Because of our innovative coaching staff, we offer something unique. The training continues to grow and change with new demands, and we particularly saw some amazing pivots and innovation during the pandemic. As our reputation has spread, we’ve been able to work with fencers from across the country and the world to scaffold the growth of everyone. Coaches from across the world are part of our dynamic community, and recently, we’ve seen our homegrown fencers compete at the international level. What a remarkable achievement!
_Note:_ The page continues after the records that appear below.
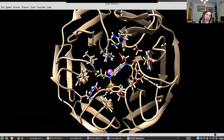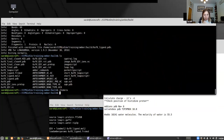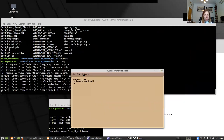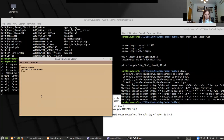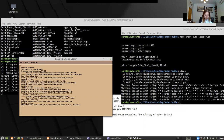We've protonated our structure in Chimera, saved the PDB file, and now we're going to start x-leap. Loading our force fields: source leaprc.protein.ff14SB for the protein force field, source leaprc.gaff2 for GAFF.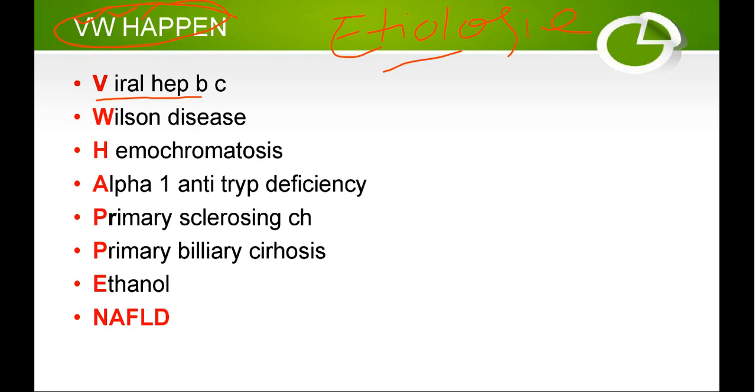For viral hepatitis, only hepatitis B and C cause chronic liver disease. Hepatitis A, E, and D do not cause chronic liver disease — they are acute hepatitis.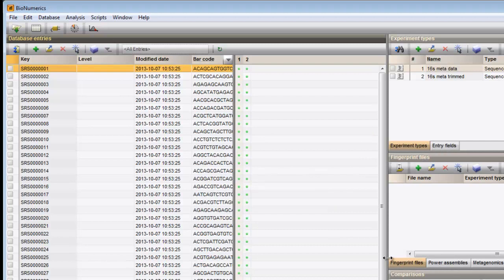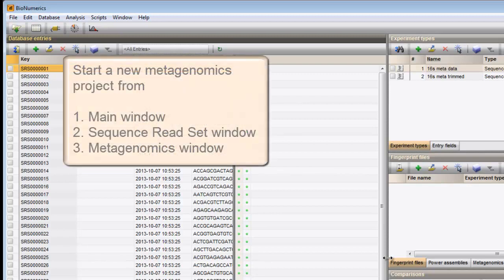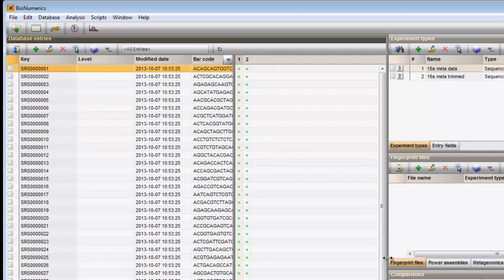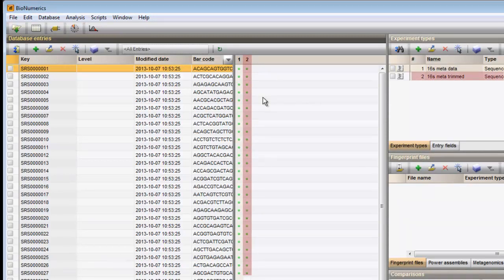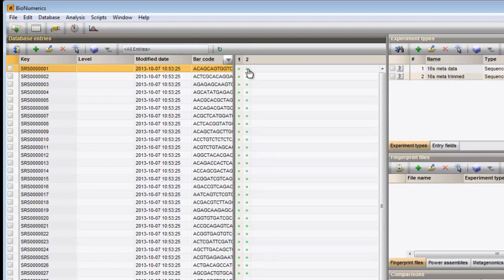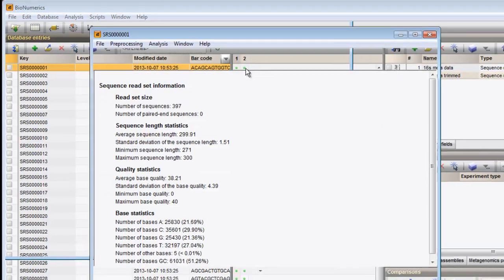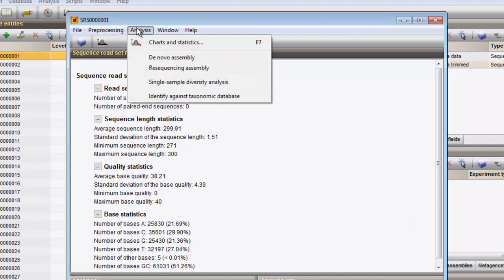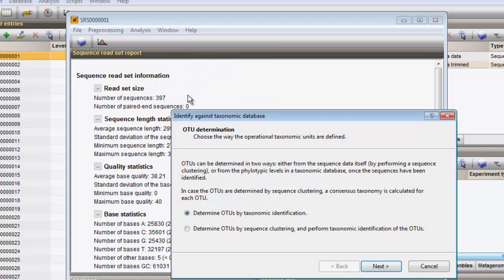With the reference alignment and taxonomy database imported, we can start the identification analysis. A new metagenomics project can be initiated from the main window, the sequence read set experiment window, as well as from the metagenomics window. In this example, we will start the analysis from the sequence read set experiment window. I click the colored dot of the trimmed sequence read set experiment type to access the data. Under analysis, I select identify against taxonomic database to initiate the wizard.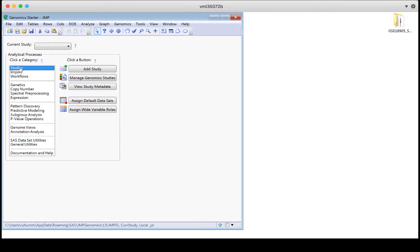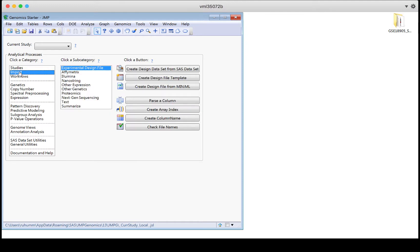We'll start in studies. It's not necessary that you set up a study in order to use JMP Genomics. You can skip this and head straight to the import button if you want. However, setting up studies can be useful for organizing your data files, especially if you have many different studies to keep track of.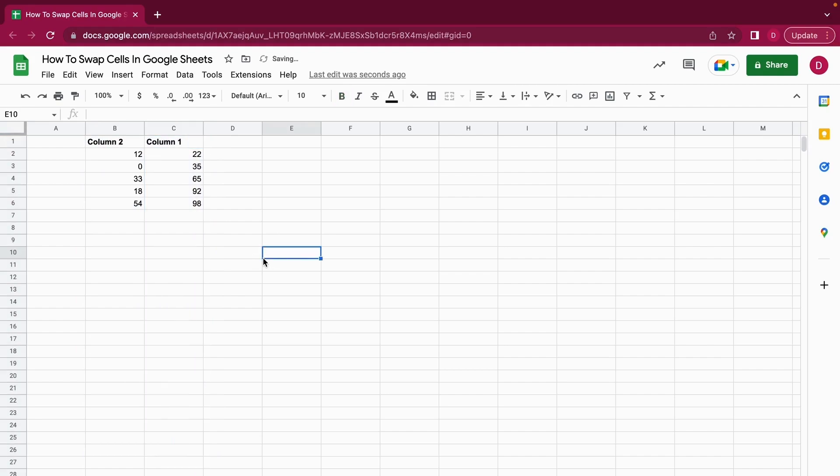As you can see, I have now swapped it - all the values in column 1 are past column 2. This is very easy, but there's also a second way how you can swap cells in Google Sheets: using copy and paste.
Central to AFM’s success is our commitment to nurturing young fencers. Our youth fencing program gives young fencers a place to learn, grow, and shine locally, then regionally, and eventually on the national stage. Our emphasis on mentorship and sportsmanship has not only produced remarkable athletes but also helped us create a roster of past and present fencers who embody the values of hard work, creativity, perseverance, and commitment. 

The culture of AFM is about so much more than just winning medals or going to competitions. Those things are great, but it’s not why we started this club ten years ago, and it’s certainly not why we keep going. We’re building a legacy through the countless fencers, coaches, and families whose lives have been enriched by their involvement in the sport and in both our community and the wider fencing community. From beginner youth fencers to veterans still enjoying the sport, every single person has contributed their own unique chapter in the story of AFM.

Eyes Towards the Future

As we celebrate this milestone tenth anniversary, we don’t just look back at what’s behind us, but we also look forward to the next ten years with excitement and so much optimism. The journey of the past decade gives us a solid foundation that we can build on. 

Through our commitment to promoting the sport of fencing by being an inclusive place that nurtures talent and fosters a strong sense of community, we’re looking ahead to keeping it all going for many years to come. This is just the beginning for us, though the beginning has been a huge swell of support from so many people over the years. 

Our transformation as a club from a small gathering of dedicated coaches and families to where we are today is a testament to the power of dedication, passion, and shared vision. Over the past ten years and with your help, we have not only reveled in the sport of fencing but also created a tight-knit community that supports and inspires one another. As we celebrate this major milestone, we extend our heartfelt gratitude to every family, every member, every coach, every supporter, and every friend of AFM who has contributed to the remarkable journey of our fencing club.